Pretty simple concept here, just be the last one 
to post a message here and you’re the winner!

So far, my chances are looking good, I’m in 1st
place! Can _*YOU*_ be the last one to post!


----------



## hollydolly (Feb 19, 2022)

We used to have this on the last forum ( just for clarity this forum used to have another version, until it was upgraded to this one we use now)... ..it's never ending thread..


----------



## Sparky (Feb 19, 2022)

Yes @hollydolly, we did have that game once before, but another one was started here...

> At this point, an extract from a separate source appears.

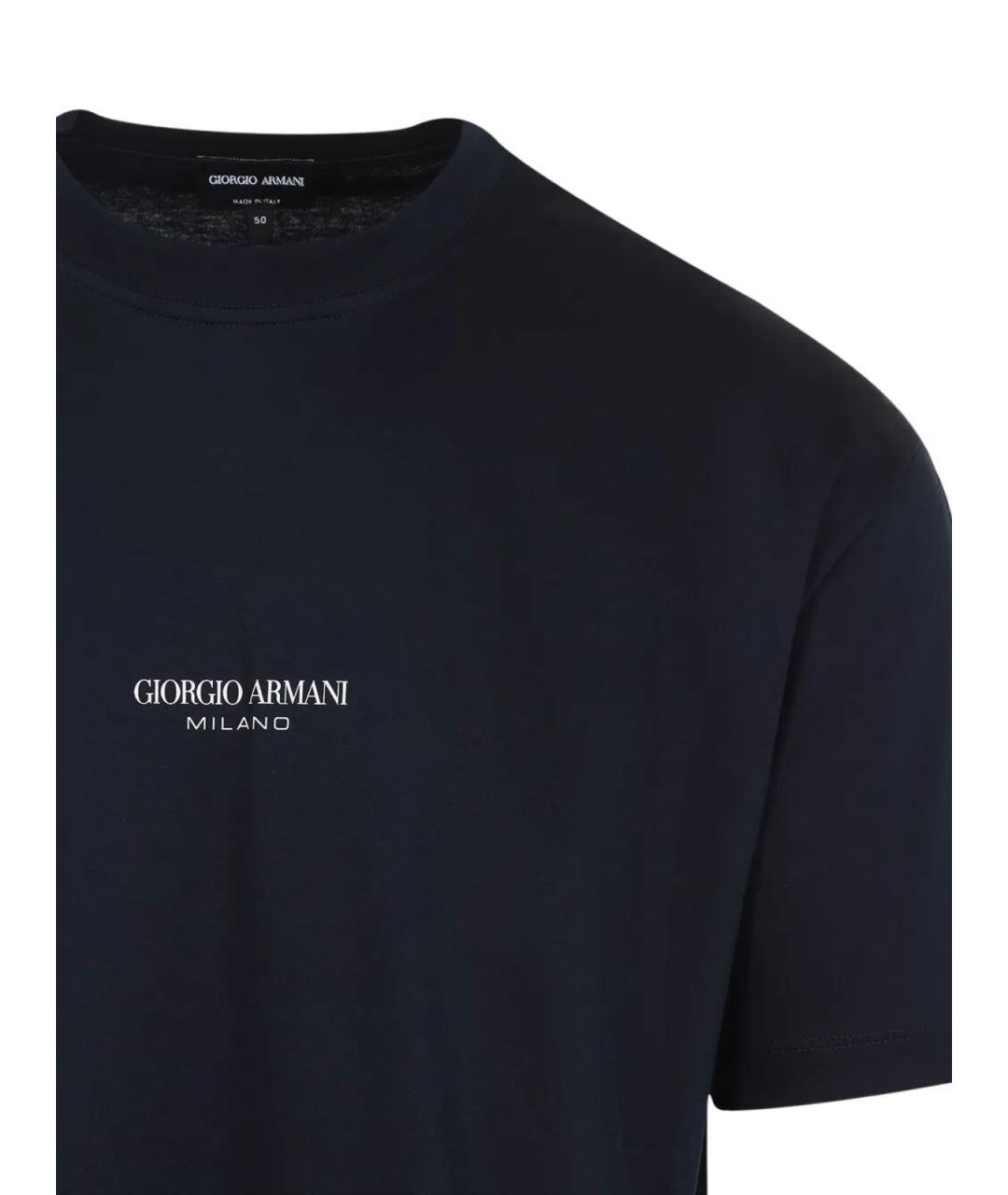 GIORGIO ARMANI Темно-синяя хлопковая футболка, фото 2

https://www.seniorforums.com/threads/last-one-too-post-wins.48181/


----------



## JustBonee (Feb 20, 2022)

Not  again .....


----------



## hollydolly (Feb 20, 2022)

Bonnie said:


> Not  again .....


don't start....


----------



## Chris P Bacon (Feb 20, 2022)




----------



## RFW (Feb 20, 2022)

I'm sure I'll win because I'm launching all nukes after posting this.
Good night and godspeed.


----------



## Sunny (Feb 21, 2022)

No one wins until we get to the end of the world.


----------



## Pink Biz (Feb 21, 2022)




----------



## hollydolly (Feb 21, 2022)

still here....


----------



## Pink Biz (Feb 22, 2022)

Me too!


----------



## hollydolly (Feb 22, 2022)

Cool avatar @Pink Biz


----------



## Pink Biz (Feb 23, 2022)

Thanks @hollydolly!


----------



## hollydolly (Feb 23, 2022)

You're welcome...


----------



## JustBonee (Feb 23, 2022)




----------



## hollydolly (Feb 25, 2022)

Glorious sunshine today... very warm in the car... no doubt it'll be colder tonight


----------